Read here a new ProPublica piece raising concerns with reliability of field drug test and describing the harrowing case of Amy Albritton, who pleaded guilty in exchange for a reduced sentence to felony drug possession in Houston, based on a test of a crumb found in her car – a crumb that a field test said was cocaine – but the field test was false.

They note: “every year at least 100,000 people nationwide plead guilty to drug-possession charges that rely on field-test results as evidence. At that volume, even the most modest of error rates could produce thousands of wrongful convictions.” And – “A federal survey in 2013 found that about 62 percent of crime labs do not test drug evidence when the defendant pleads guilty.” The piece describes the work of the Houston Forensic Science Center to do testing in such cases, however, and how as a result, they uncovered errors: “in 251 cases, the results were simple: ‘No Controlled Substance.’”

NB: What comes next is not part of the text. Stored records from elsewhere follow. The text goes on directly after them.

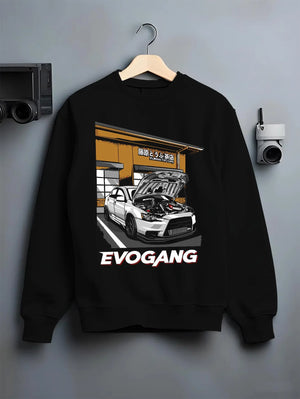 Black crewneck sweatshirt on a hanger against a grey wall, featuring Mitsubishi EVO rs racing jdm tuner street performance graphic.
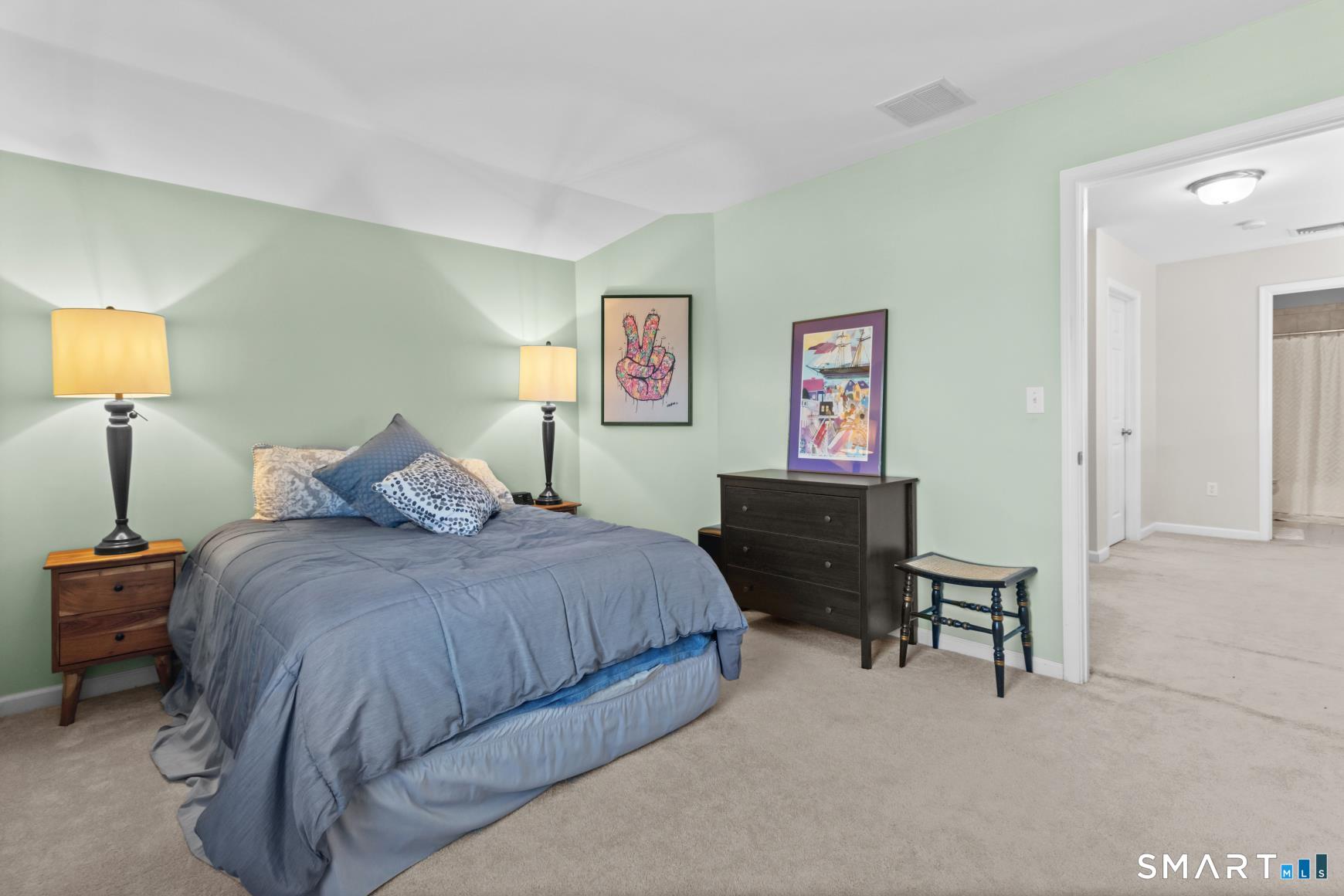 5 Haskins Road, Unit 5 Windsor, CT 06095 - Photo 33 of 40 a bedroom with a bed and a lamp on table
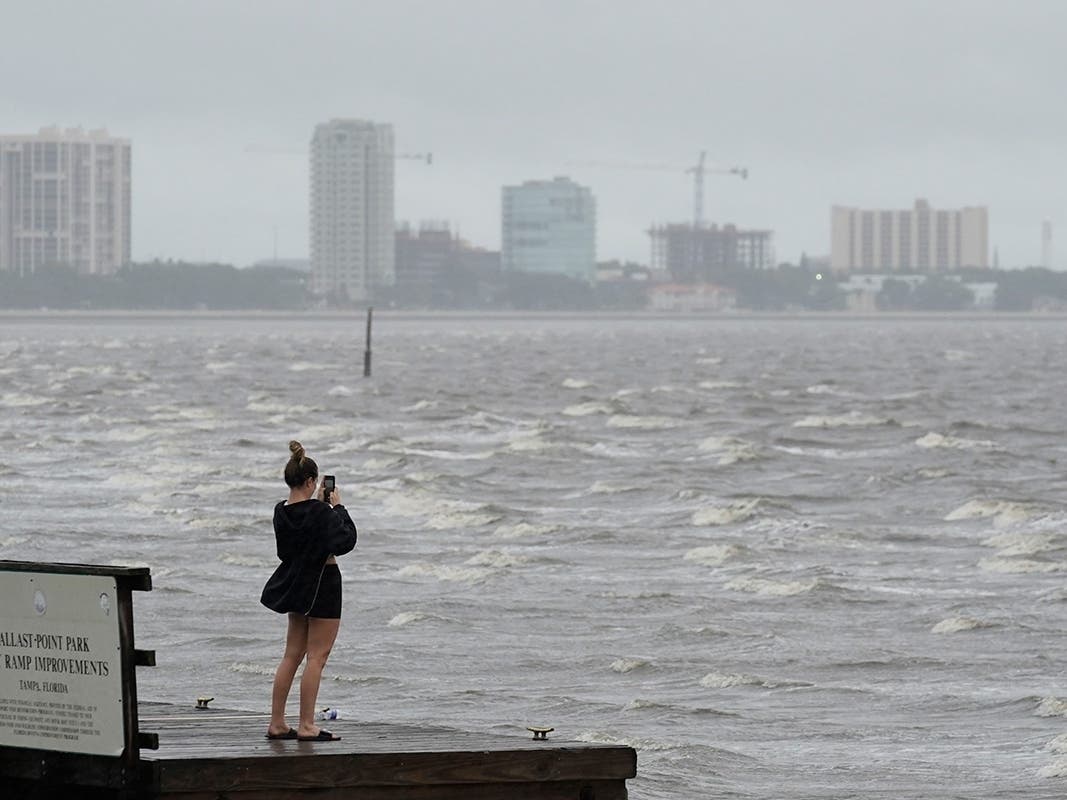 A woman takes photos of the surf on Tampa Bay ahead of Hurricane Ian, Wednesday, Sept. 28, 2022, in Tampa, Fla.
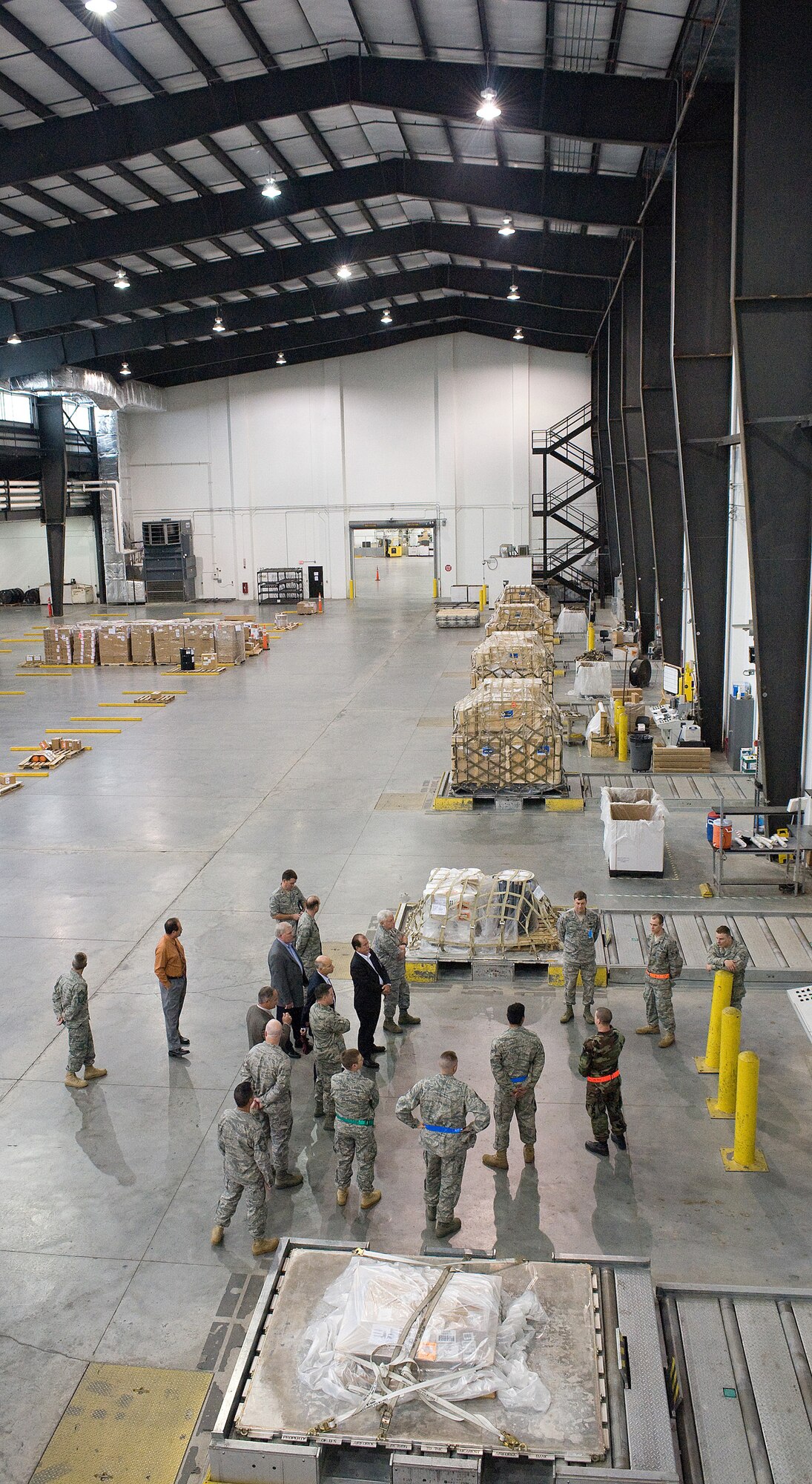 Gen. Arthur J. Lichte, Air Mobility Command commander, receives a tour of the Super Port at Dover Air Force Base, Del., May 7. General Lichte, along with other military and industry leaders, toured the Super Port as part of the semi-annual National Defense Transportation Association Military Airlift Committee meeting, which was held at Dover AFB May 7-8. (U.S. Air Force Photo/Tom Randle)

And – “If Albritton’s case is one of hundreds in Houston, there is every reason to suspect that it is just one among thousands of wrongful drug convictions that were based on field tests across the United States. The Harris County district attorney’s office is responsible for half of all exonerations by conviction-integrity units nationwide in the past three years — not because law enforcement is different there but because the Houston lab committed to testing evidence after defendants had already pleaded guilty, a position that is increasingly unpopular in forensic science.”